According to Wu et al. (2005), the Es layer typically extends horizontally for hundreds of kilometers, with a thickness of a few kilometers. Considering that approximately 1° corresponds to 100 km, a 2° latitude × 5° longitude grid was implemented around each ionosonde station to ensure simultaneous observations between ground-based and GPS radio occultation techniques. This grid size was intentionally chosen to be smaller than the average dimensions of the Es layer. Following the identification of all radio occultation crossings within a time difference of less than 15 min, all synchronous ionograms were inspected manually to find Es events. The 15-min time interval was selected based on the sounding frequency of the ionosonde stations.

3 Results

Through a comparison of ionosonde recordings and GNSS radio occultation profiles, the results demonstrate that the agreement between the two methods in detecting Es layers ranged from 60% to 80% at different stations. We identified four possible outcomes when comparing the detection of Es layers using ionograms and GPS SNR profiles: 1) both methods detected the Es layer, 2) the Es layer was identified in ionograms but not in GPS SNR profiles, 3) GPS SNR profiles indicated the presence of an Es layer, but no signal reflection was recorded via the ionosonde in the corresponding epoch in the E region, and 4) neither method recorded the occurrence of an Es layer. To gain a more comprehensive understanding of the distribution of these four types across all conjunction data points, we provided a confusion matrix of approximately 9,000 mid-latitude observations, presented in Table 2. It is important to note that in this paper, the notation Es = 1 signifies the presence of the Es layer, while Es = 0 denotes its absence. Furthermore, the detection of the Es layer using a specific technique is shown on the index. For instance, Es_ionogram = 1 indicates that the Es layer has been detected using an ionosonde.

TABLE 2

TABLE 2. Confusion matrix of ∼9,000 conjunction data points of ionograms and radio occultation profiles.

Table 2 illustrates that the detection of Es layers is in agreement between ionograms and radio occultation observations in approximately 70% of the data points (summation of Type 1 and Type 4). The remaining observations are divided into two categories: Type 2 and Type 3, which account for approximately 30% of the observations. Type 2 represents approximately 65% of the remaining data, where the Es layer is observed in ionograms but not in radio occultation profiles. Conversely, Type 3, which represents almost 35% of the remaining observations, indicates the presence of an Es layer according to satellite data, but no signal reflection was recorded in ionograms. Examining similar tables for each station from 2007 to 2017, we observed that the disagreement rate between the two methods (summation of Type 2 and Type 3) varies between 20% and a maximum of 40%.

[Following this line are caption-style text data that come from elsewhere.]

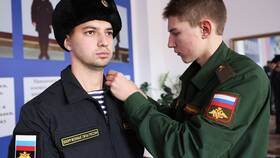 Что входит в военную комиссию в Ральф Рингер
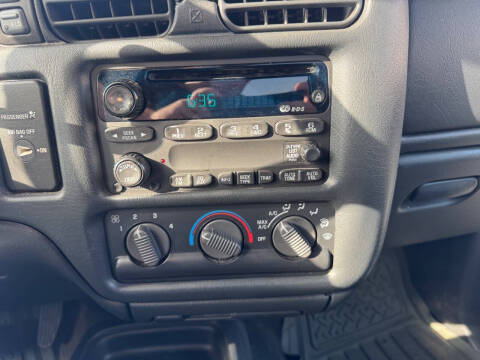 2003 Chevrolet S-10 LS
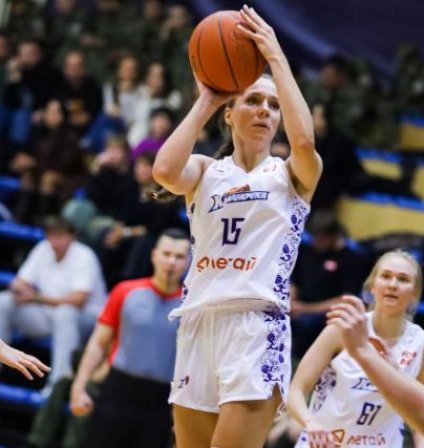 «Чеваката» - лидер, снайперский рекорд - у Ледневой из «Казаночки»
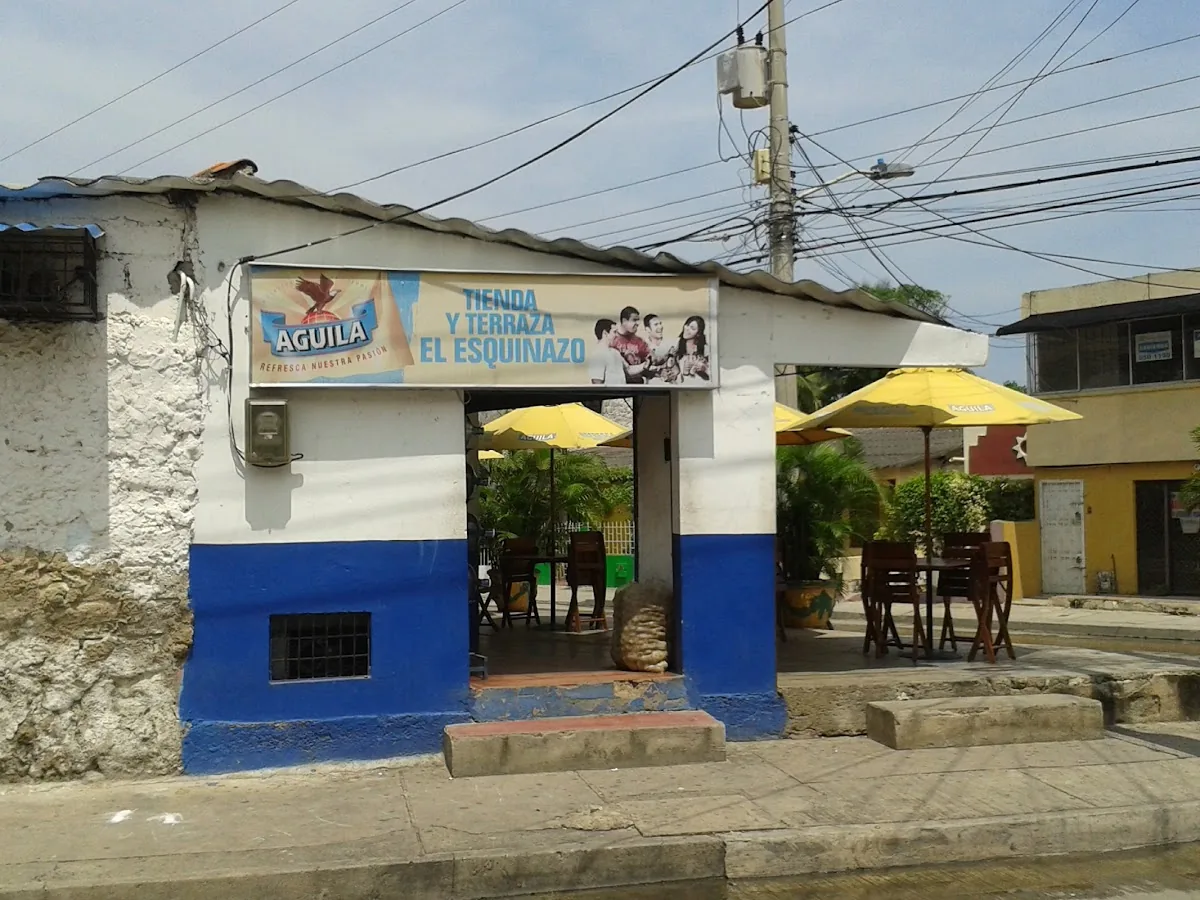 Tienda y Terraza la Esquina Deportiva gallery 2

Figure 2 showcases two illustrative examples, specifically Type 2 and Type 3, that were examined in this study. In Figure 2A, we present an ionogram captured from the I-Cheon station on February 8, 2012, at 16:15. The station is located at 37.1° latitude and 127.5° longitude. The ionogram reveals the presence of an Es layer situated at an altitude of approximately 110 km. Notably, this Es layer appears relatively weak, characterized by an foEs value of 1.8 MHz and an fbEs value of 1.6 MHz. The subsequent ionogram taken at 16:30 does not display the presence of the Es layer observed earlier. This observation suggests the possibility that the I-Cheon station is located at the edge of the Es layer, where small horizontal displacements may influence the observations and result in the layer’s intermittent visibility. In Figure 2B, we examine the GPS L1 SNR profile and its standard deviation for the same day. This profile was obtained using a 3-min time interval and a 0.2° difference in latitude at the same longitude. Upon closer analysis, we notice a slight increase in the signal standard deviation at altitudes approximately 95 km and 110 km. However, these deviations do not meet our predetermined criteria for detecting an Es layer. Despite the observed variations in signal standard deviation, they do not exhibit the necessary strength or magnitude to fulfill our detection criteria.

FIGURE 2

FIGURE 2. (A) Ionogram of the IC437 station (lat: 37.1° and lon: 127.5°) showing an Es layer on February 8, 2012, at 16:15. (B) SNR profile of a crossing radio occultation (lat: 37.3° and lon: 127.5°) showing no Es layer on February 8, 2012, at 16:12, and its corresponding standard deviation profile. (C) Ionogram of the GR13L station (lat: -33.3° and lon: 26.5°) showing no Es layer on October 18, 2010, at 19:15. (D) SNR profile of a crossing radio occultation (lat: -33.4° and lon: 26.6°) showing an Es layer on October 18, 2010, at 19:15, and its corresponding standard deviation profile.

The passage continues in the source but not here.